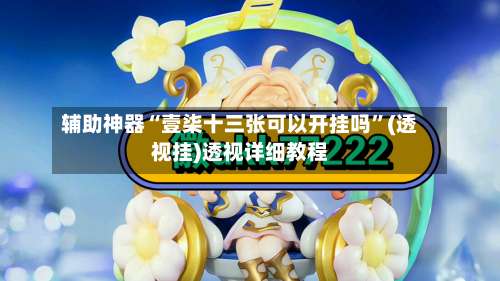 辅助神器“壹柒十三张可以开挂吗”(透视挂)透视详细教程-第2张图片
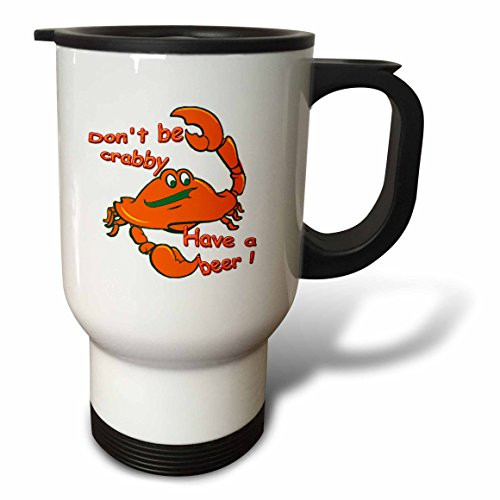 3dRose Dont Be Crabby Have a Beer Stainless Steel Travel Mug, 14-Ounce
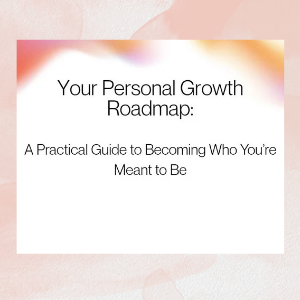 Your Personal Growth Roadmap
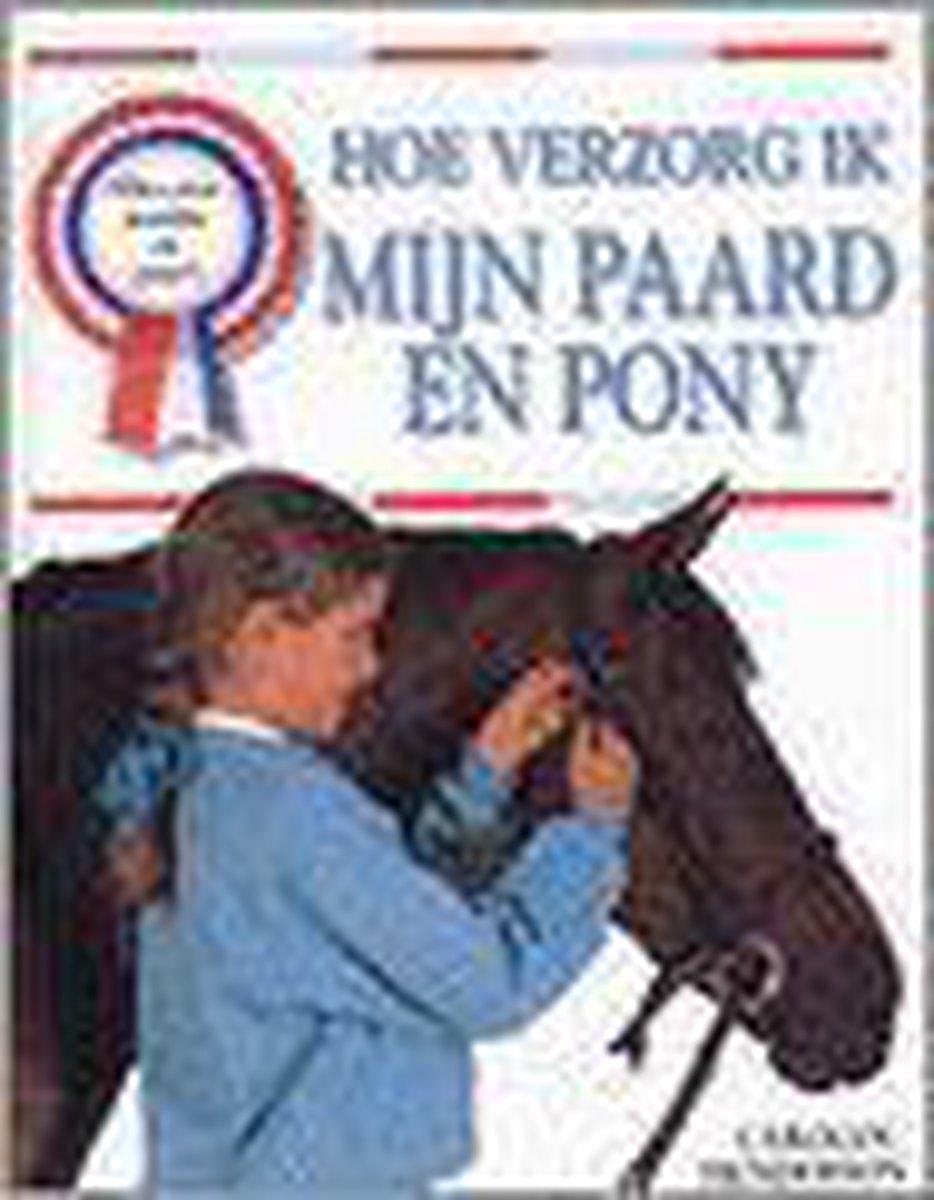 Hoe Verzorg Ik Mijn Paard En Pony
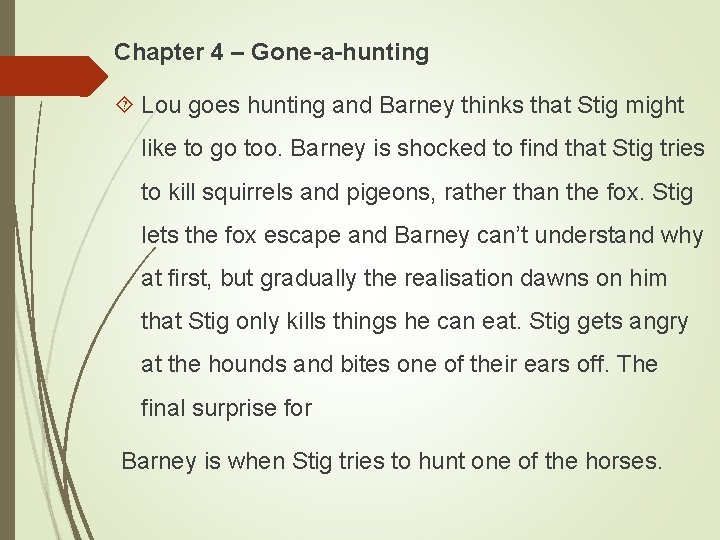 Chapter 4 – Gone-a-hunting Lou goes hunting and Barney thinks that Stig might like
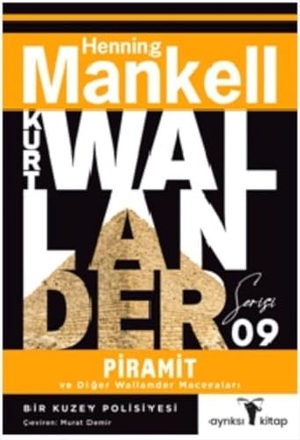 Mankell, Henning. Kurt Wallander Serisi 9 - Piramit ve Diger Wallander Maceralari. Ayriksi, 2024.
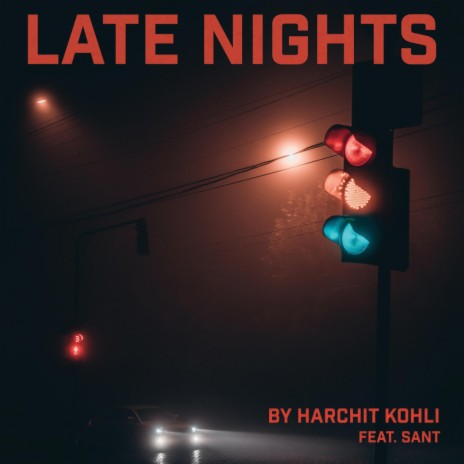 Late Nights (feat. SANT) | Boomplay Music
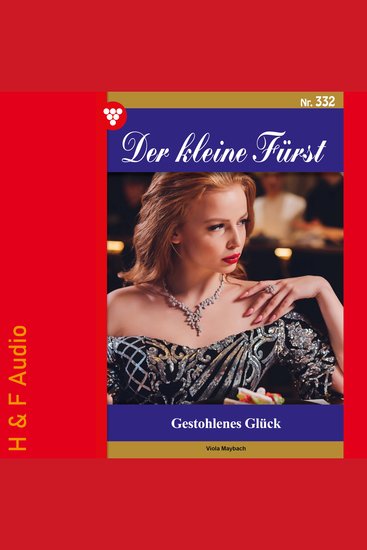 Gestohlenes Glück - Der kleine Fürst Band 332 (ungekürzt) - cover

[Work to be completed]
Return all material verbatim, pictures omitted.

[Task result]
 辅助神器“壹柒十三张可以开挂吗”(透视挂)透视详细教程-第2张图片
 3dRose Dont Be Crabby Have a Beer Stainless Steel Travel Mug, 14-Ounce
 Your Personal Growth Roadmap
 Hoe Verzorg Ik Mijn Paard En Pony
 Chapter 4 – Gone-a-hunting Lou goes hunting and Barney thinks that Stig might like
 Mankell, Henning. Kurt Wallander Serisi 9 - Piramit ve Diger Wallander Maceralari. Ayriksi, 2024.
 Late Nights (feat. SANT) | Boomplay Music
 Gestohlenes Glück - Der kleine Fürst Band 332 (ungekürzt) - cover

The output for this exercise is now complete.